MR BRUCE. Defender of Maths. (Image credit: Mint)

Please, a loud clap of applause for the teacher who makes Math class what it is today, the guardian who continues to defend the ancient subject of maths. Never will the day of calculator explosion come if Mr Bruce is here.

* * *

Well, it’s been a long trip from the top of the page to the bottom hasn’t it? Despite the crazy length of over 4000 words and tons of images we’ve used, however, I’m sure that it’s been worth it. There is no term not worth remembering, and this one is no different. Thank you to everyone who made this term what it was; we’ve all enjoyed it. Thanks to everyone who helped suggested in oscars, helped out with the images, and the biggest thanks goes to anyone who simply reads this and enjoyed it. That’s the reason why this page is written, anyway: to document the memories. 🙂

Once again, if you have any questions, complaints, concerns or simply words of thanks, please comment on this page. I hope you enjoyed reading this; I certainly enjoyed writing it.

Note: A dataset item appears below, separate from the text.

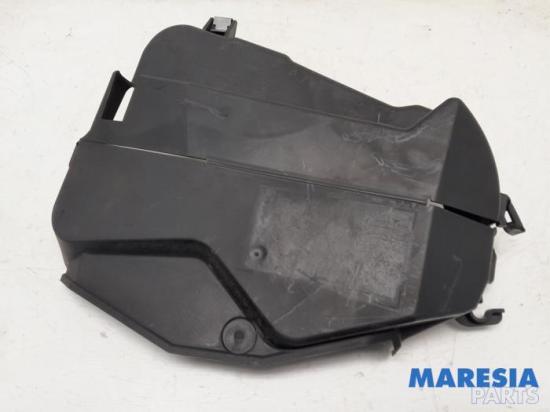 Stirndeckel (Motor) Renault Clio IV Grandtour KH 8200795012 Bild Stirndeckel (Motor) Renault Clio IV Grandtour KH 8200795012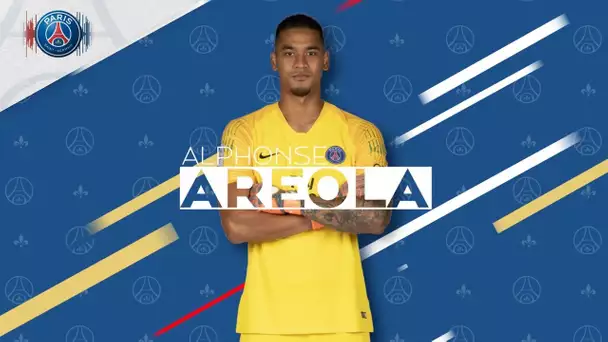 BEST-OF 2018/2019 : ALPHONSE AREOLA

31 thoughts on “G8T1 Oscars

  1. Admittedly the G7T3 oscars were a bit better, but only because of the Lord Darryl pic. Anyway, it’s been fun writing this for quite a few years now. 🙂

    And I’m seriously not gonna write this during ‘crunch time’ like this year now.

    • Well, for the pics that I didn’t upload myself, you need to right click and view the image in a new tab. It will then show the link that I got the image from. 🙂

  2. Oi Ken, u so dictator mate. People choose me to be the miss universe u bakadiayo not lala make her 2nd miss universe. I’m miss multiverse, if u know the string theory of albert einstein.